* Data:
..........

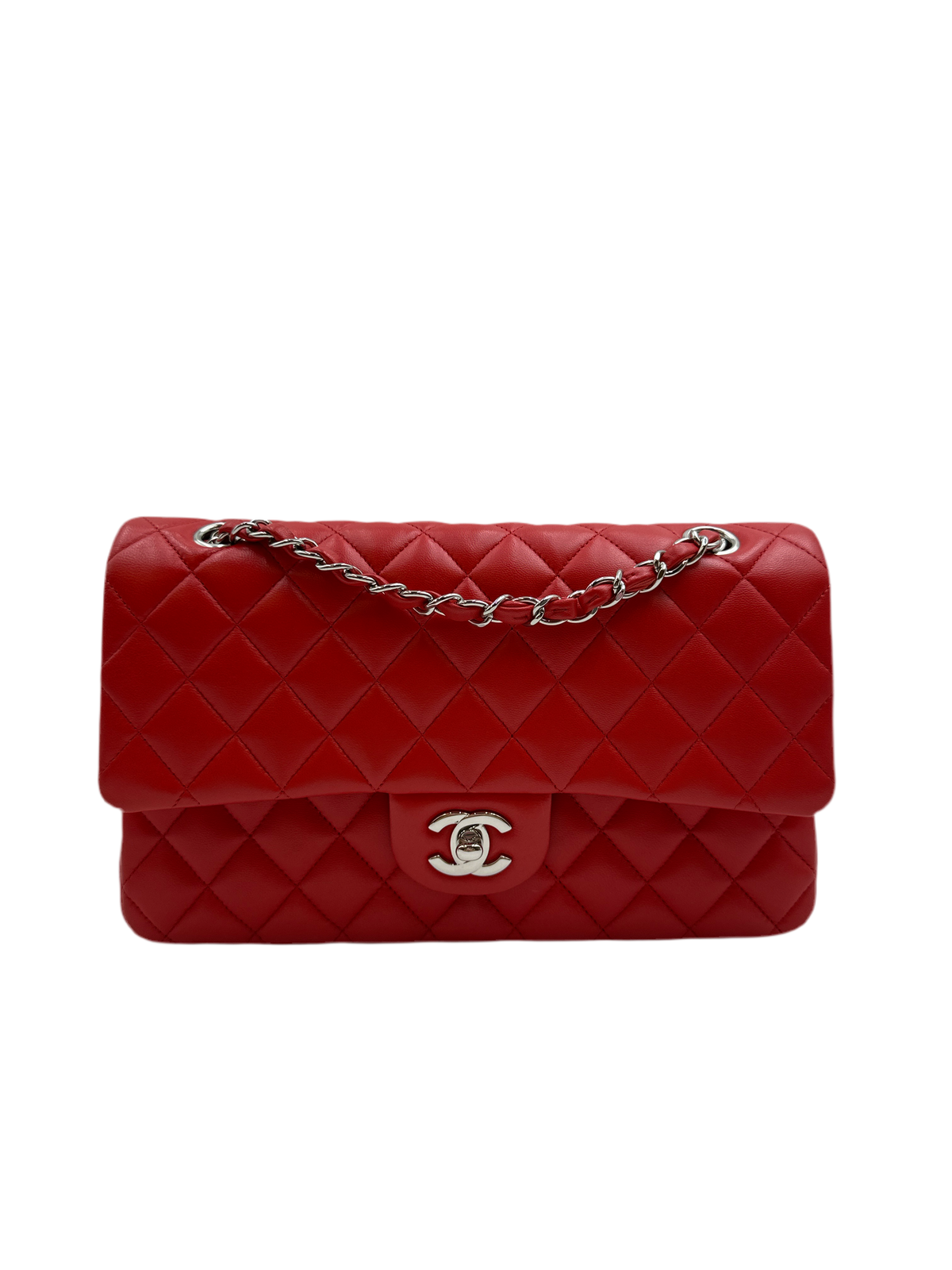 CHANEL RED MEDIUM CLASSIC FLAP SHW UKCHK001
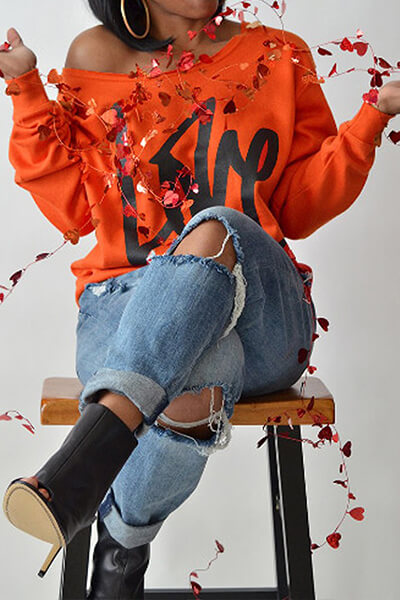 Lovely Leisure Round Neck Long Sleeves Letters Printing Orange Sweatshirt Hoodie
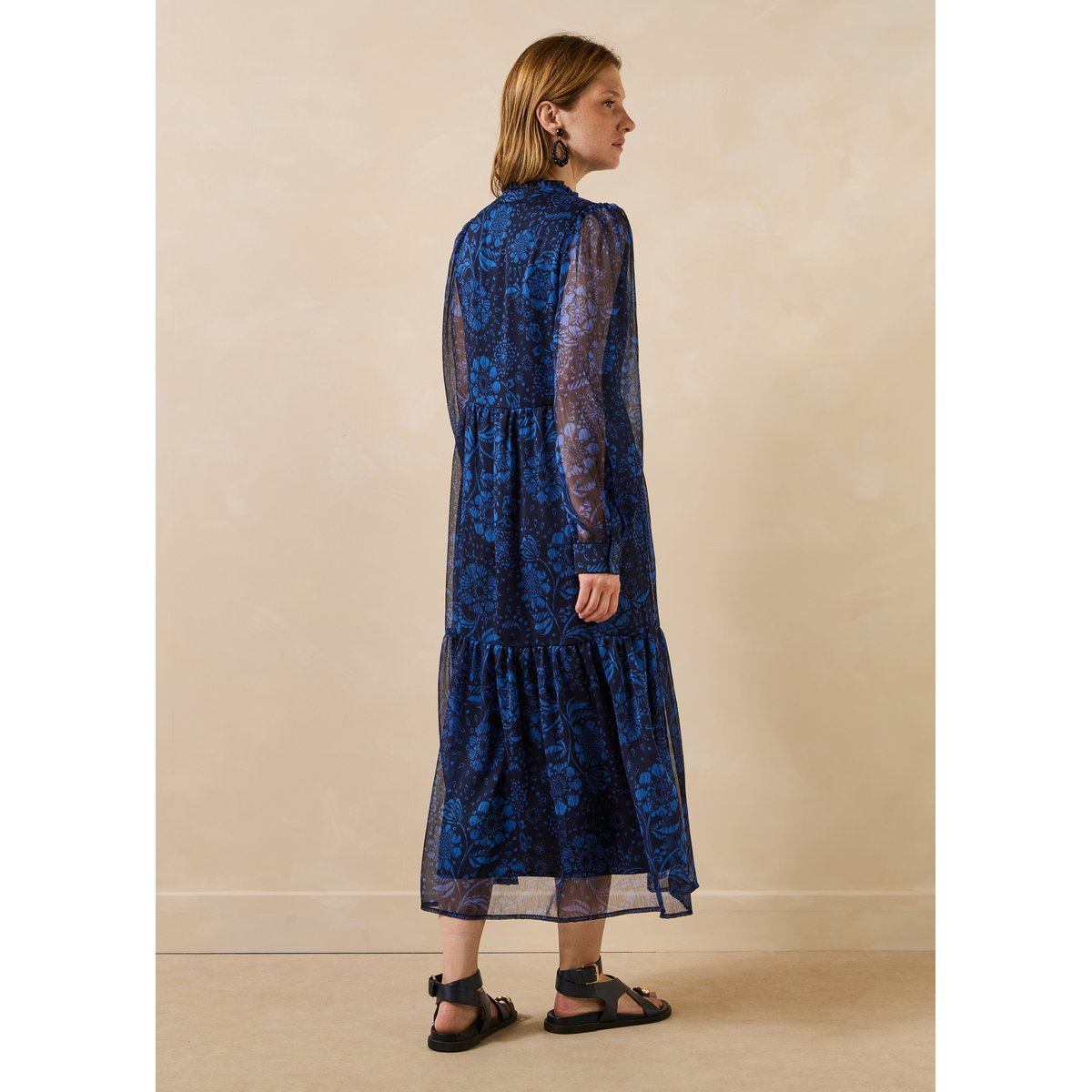 Robe longue à imprimé fleuri manches longues bleu, LA FEE MARABOUTEE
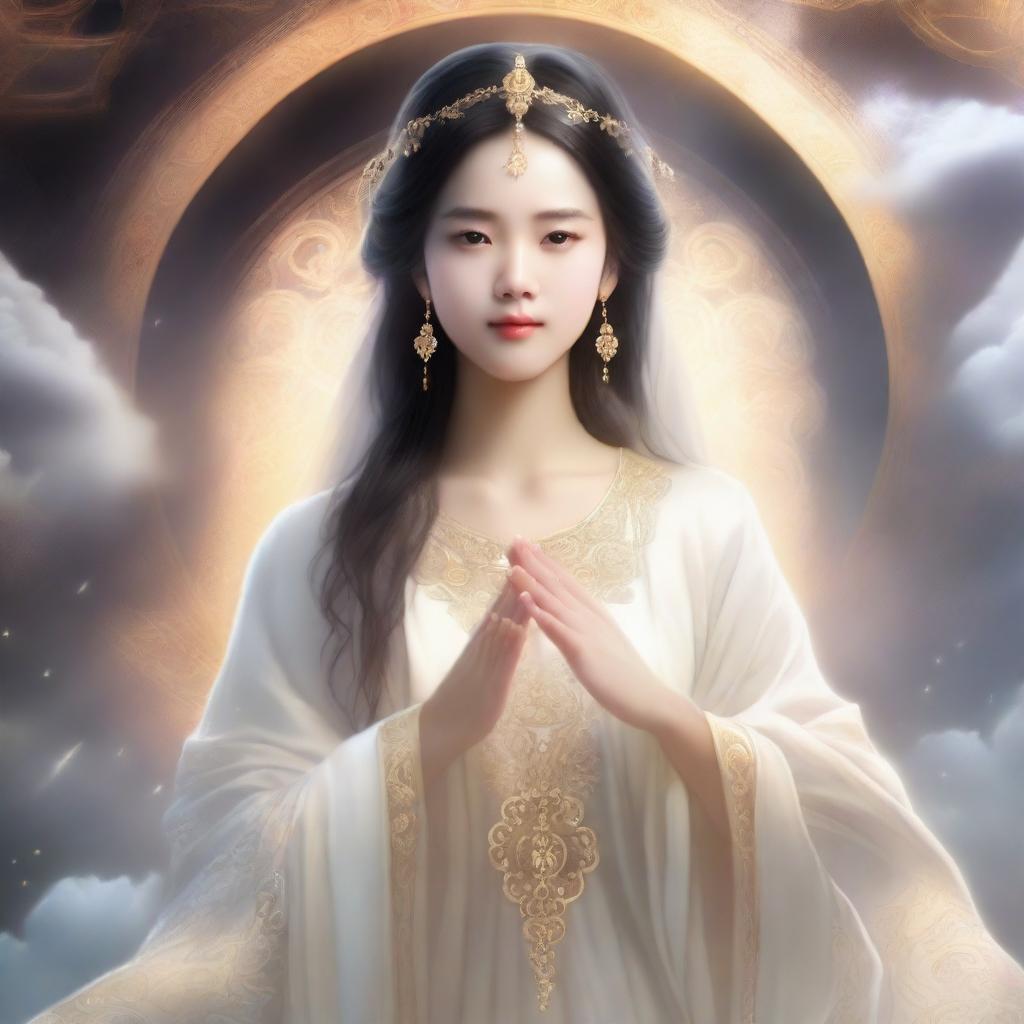 A beautiful girl who is the daughter of a god, depicted in a serene and divine setting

..........

* What you will do:
Exact repetition of the data is needed, with no images retained.

* Response area:
 CHANEL RED MEDIUM CLASSIC FLAP SHW UKCHK001
 Lovely Leisure Round Neck Long Sleeves Letters Printing Orange Sweatshirt Hoodie
 Robe longue à imprimé fleuri manches longues bleu, LA FEE MARABOUTEE
 A beautiful girl who is the daughter of a god, depicted in a serene and divine setting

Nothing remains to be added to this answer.